| TRY IT |
Output, exactly as written, the lines below from the one that has "Oxford White(YZ/Z1/M6887) Touch" through the one that has "Modern Velvet Sofa"; nothing else, and no pictures.

| LISTED RECORDS |

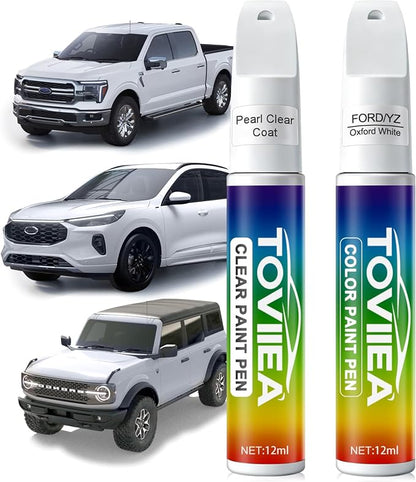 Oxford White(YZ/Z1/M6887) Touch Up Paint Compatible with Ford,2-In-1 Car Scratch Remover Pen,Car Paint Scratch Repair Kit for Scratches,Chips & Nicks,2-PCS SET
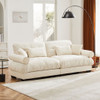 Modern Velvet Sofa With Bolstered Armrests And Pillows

* * *

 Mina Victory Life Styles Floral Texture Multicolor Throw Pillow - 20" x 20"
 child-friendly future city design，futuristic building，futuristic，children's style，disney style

* * *

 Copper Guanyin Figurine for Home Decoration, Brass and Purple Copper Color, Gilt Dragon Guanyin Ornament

| RESULT OF THIS TASK |
 Oxford White(YZ/Z1/M6887) Touch Up Paint Compatible with Ford,2-In-1 Car Scratch Remover Pen,Car Paint Scratch Repair Kit for Scratches,Chips & Nicks,2-PCS SET
 Modern Velvet Sofa With Bolstered Armrests And Pillows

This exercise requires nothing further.